TRY IT :: Nothing but the data, repeated exactly, belongs in the answer.

Records excerpted from a collection
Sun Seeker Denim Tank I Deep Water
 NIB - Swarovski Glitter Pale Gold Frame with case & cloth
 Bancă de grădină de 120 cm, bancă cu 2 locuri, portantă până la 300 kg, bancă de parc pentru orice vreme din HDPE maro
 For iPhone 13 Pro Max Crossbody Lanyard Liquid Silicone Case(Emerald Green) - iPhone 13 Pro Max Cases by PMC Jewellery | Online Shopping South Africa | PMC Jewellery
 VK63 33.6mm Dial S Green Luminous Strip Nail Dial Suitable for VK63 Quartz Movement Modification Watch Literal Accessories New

SOLUTION TO THE PROBLEM ::
Sun Seeker Denim Tank I Deep Water
 NIB - Swarovski Glitter Pale Gold Frame with case & cloth
 Bancă de grădină de 120 cm, bancă cu 2 locuri, portantă până la 300 kg, bancă de parc pentru orice vreme din HDPE maro
 For iPhone 13 Pro Max Crossbody Lanyard Liquid Silicone Case(Emerald Green) - iPhone 13 Pro Max Cases by PMC Jewellery | Online Shopping South Africa | PMC Jewellery
 VK63 33.6mm Dial S Green Luminous Strip Nail Dial Suitable for VK63 Quartz Movement Modification Watch Literal Accessories New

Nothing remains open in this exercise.